Monday, December 19, 2005

Christmas, children and church

Facing changes in demand
The liturgy for the Sunday before Christmas has, over the past few decades of my experience, become the occasion for anticipating the telling of the birth of Christ in child-oriented acts of worship. This Sunday is closest to the end of school term, and soon afterwards, it’s not unusual for regular church congregations to be diminished by an exodus of young families going on holiday or travelling to visit friends or relatives in other parts of the country. So, if there are any children attending church, or a Sunday school group, this Sunday is the occasion to do something special with them in the context of the entire church congregation.
Decades ago, when the city centre was densely populated, St John’s had a large and lively Sunday school plus a neighbourhood church school. Today, no more than eight children attend, usually not all at the same time, and sometimes, not at all. Parents and children have to travel into town, which is difficult given the poverty and arbitary nature of early Sunday bus services, it’s all rather hit or miss.

Tribute to Norma
However, Norma Thomas is always there to welcome whoever arrives. She has befriended and taught the faith to generations of children, in recent decades, almost single handed. Current child protection law requires adults to work in pairs with children, and that has been something of a challenge to the notions of previous generations of parents happy to dump their children at Sunday School without concern for who was caring for them. Extra commitment is required to welcome and care for just a few children, and this can’t happen during a regular morning service unless someone is there to accompany and assist Norma. Ironically, nobody could ever feel unsafe with her, but rules have to be obeyed. She has worked with kids in a creative and imaginative way for much of her long lifetime. She is still a youthful figure, walking everywhere, and spending a morning a week at St Monica’s school listening to children read. A quiet magnificant inspiration to the whole church.
During November and early December, Norma quietly prepares a nativity presentation, making use of whatever children are available, tailoring the material to their gifts and confidence. For some years we had budding young musicians, playing harp and guitar, but they’ve grown up and moved on. This year’s group doing the nativity presentation was only five, and two of them arrived too late to take part, because of the vagaries of public transport. So three children aged between seven and twelve stood up before a congregation of nearly fifty, and confidently re-told the story of Christ’s birth in a way that captured the heart and the admiration of the congregation. Credit to Norma for building their confidence.
I listened to Radio Four’s ‘Sunday’ programme en route to church for the eight o’clock Eucharist. It reported and commented on the decline of the children’s nativity play in schools, and the impact this would have on awareness of Christian faith in society in future. Maybe in time only churches will maintain this tradition in their children’s work. I’m not sure if the transmission of Christian faith has benefitted from having its foundation stories used as an educational commodity to be consumed and tested upon by a secular educational system. Unbelievers with University degrees in Theology, and adolescents with ‘O’ and ‘A’ levels in R.E. may never have experienced the rich creative experience of being part of a worshipping community, loved, encouraged and supported by the likes of Norma, discovering what it means to be prayerful, to look beyond the surface meaning for truth that emerges from the heart of the Gospel story. The church will live so long as there are people who can transmit its stories to children in a way that imparts confidence to re-tell them to the church with all the beauty and freshness their young voices contain.
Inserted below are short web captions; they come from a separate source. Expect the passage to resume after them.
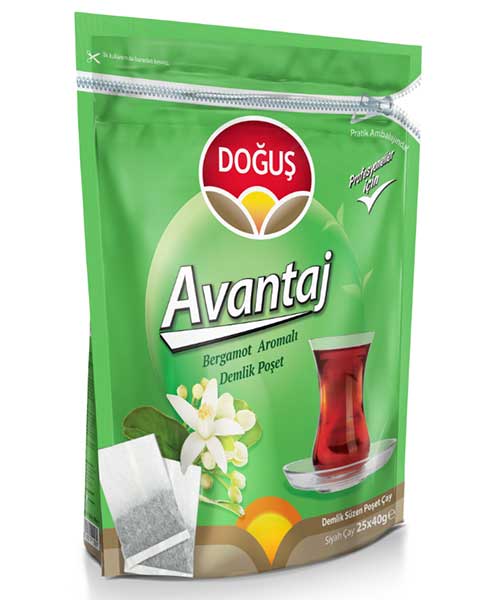 Doğuş Avantaj Demlik Poşet Bergamot'lu 25x40gr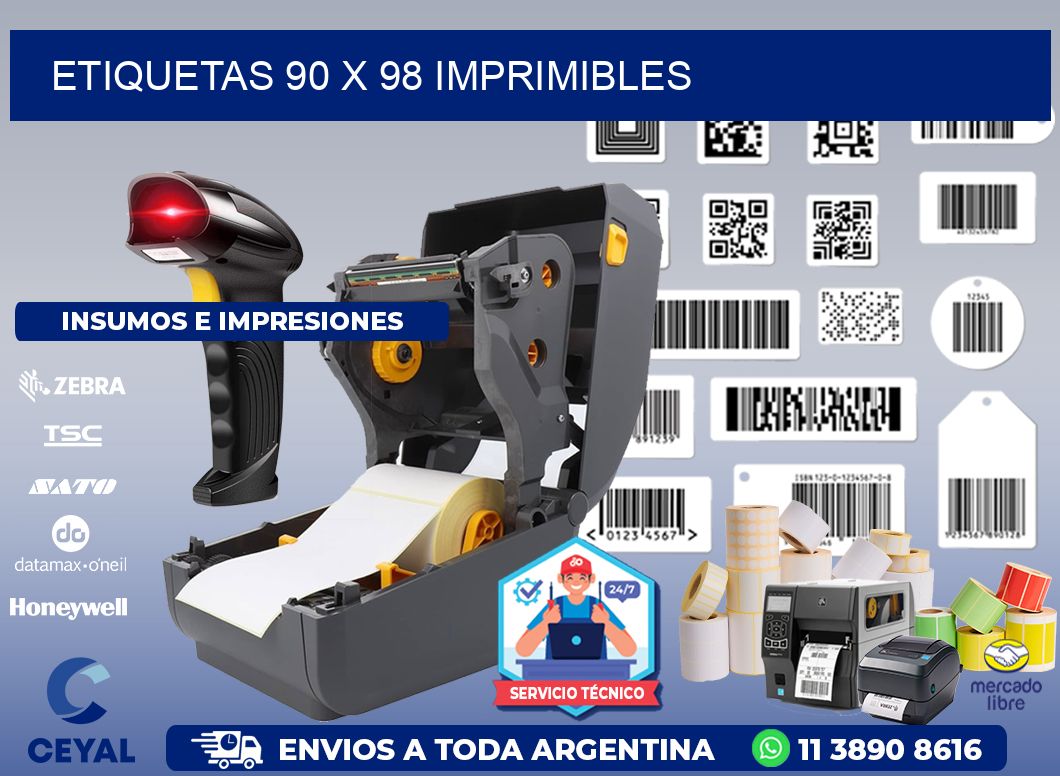 ETIQUETAS 90 x 98 IMPRIMIBLES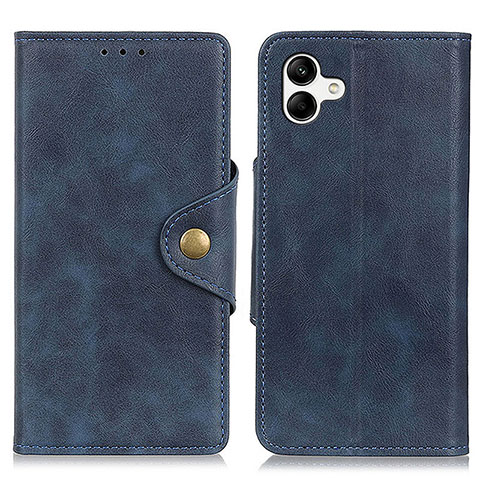 Funda de Cuero Cartera con Soporte Carcasa N06P para Samsung Galaxy F04 Azul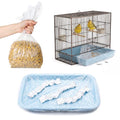 100 Pcs Disposable Bird Cage Liners Bags Accessories,Small Style | Clear Plastic Parakeet Liner Bags, Universal Birdcage Liner Bags for Parakeets, Parrots, Finches, Canaries, Cockatiels - style: Small Style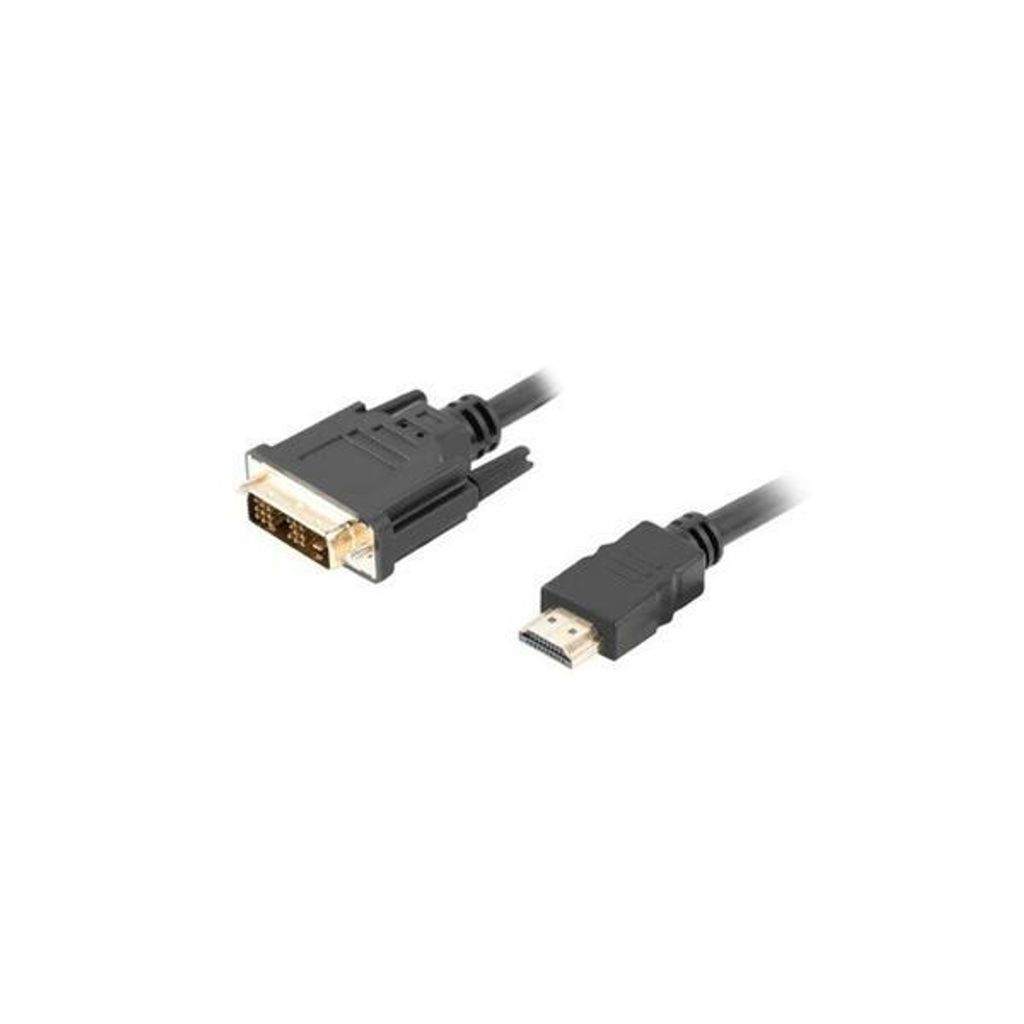Lanberg Hdmi(M)-> Dvi-D(M)(18+1) Kabel 1.8M Schwarz Single Li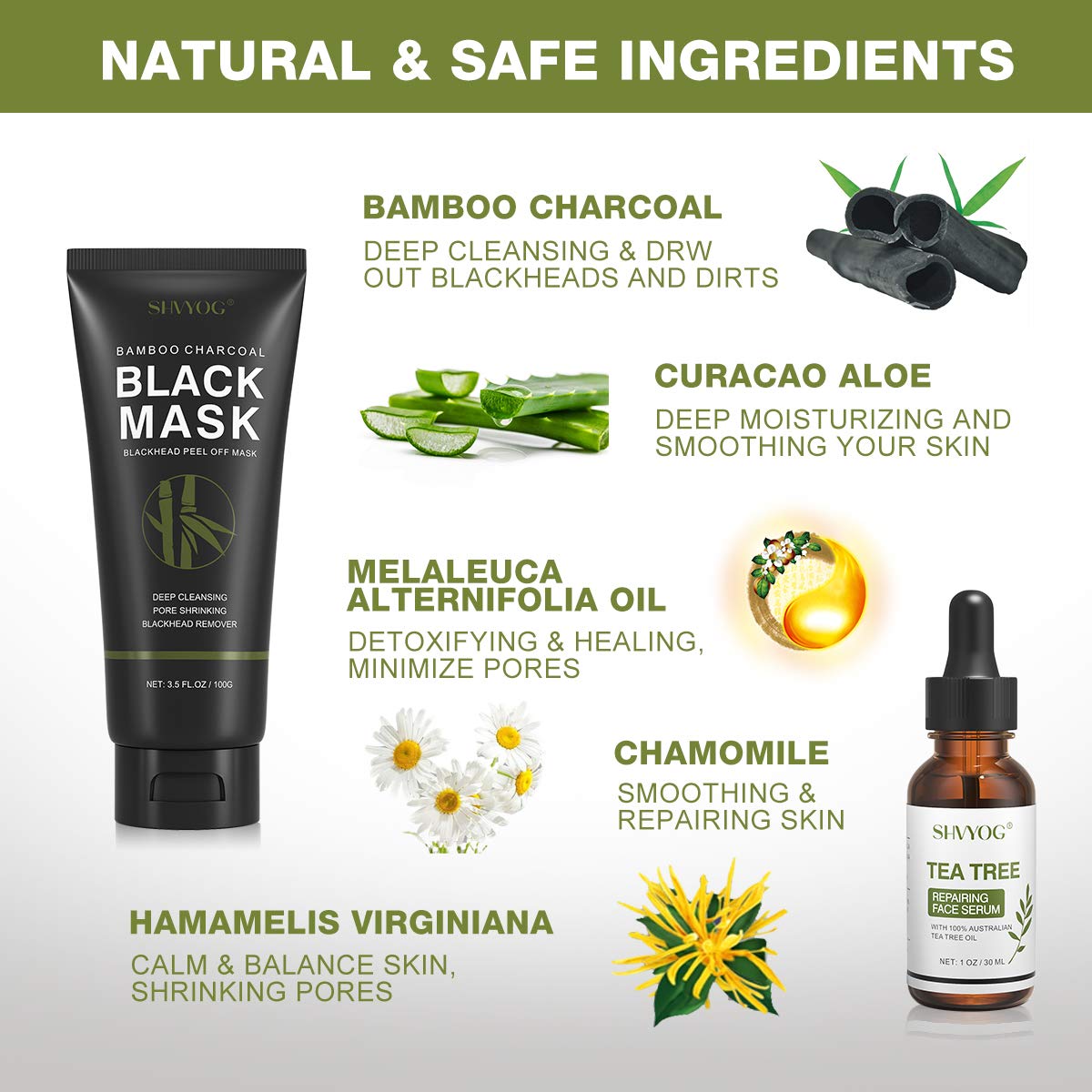 SHVYOG close-up of charcoal mask tube illustrating smooth application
God on Mondays - the follow-up
For Jenny and I the next service of Sunday morning was a kind of test of the effectiveness of the work we’ve done over the previous three weeks in our ‘God on Mondays’ after-school service sessions and St James’ church. Would anyone take up our invitation to attend a late Sunday morning Christingle service, to conclude our Advent series on preparing the way for the coming of Jesus? Well, the usual ten regular members were there, and in addition, fifteen children and another fifteen adults, including two Tredegarville school teachers – forty of us in all. We shared the service and teaching between us, using an icon reproduction, and the church’s set of crib figures to re-tell the story in a catechetical dialogue with the children. We had to go about it this way since there was no possibility of a children’s presentation this year at St James’, as there were no adults to work with the children to achieve this.
Sunday School at St James died in the autumn, with the abandonment of the few remaining children by those who had been teaching them. They just gave up without explanation or apology, perhaps not knowing how to articulate their needs or their frustrations to churchwardens or pastors. In this part of the parish, membership is not drawn from the confident middle classes. A gulf of expectation and communication existed between the few Sunday school teachers and the rest of the church. Nobody had the time or the patience to address the problem, and finally without warning Sunday school sessions in the church hall simply stopped.

Children's faith
The handful of children who turned up regularly just carried on coming, sitting well behaved through the entire Eucharist instead, week after week. Which says something special about the life of faith in children. Their presence challenged my preaching to this remnant of a congregation. Now I take my theme for the day and start speaking to the kids about it, then attempt to draw in the adults. It struck me that in the classroom children don’t get talked down to, so there’s no reason to do so in church either. For me this is experimental preaching, rather than ‘sermons for children’. Both children and adults are responsive, and I come away feeling that I haven’t merely repeated myself at two different venues.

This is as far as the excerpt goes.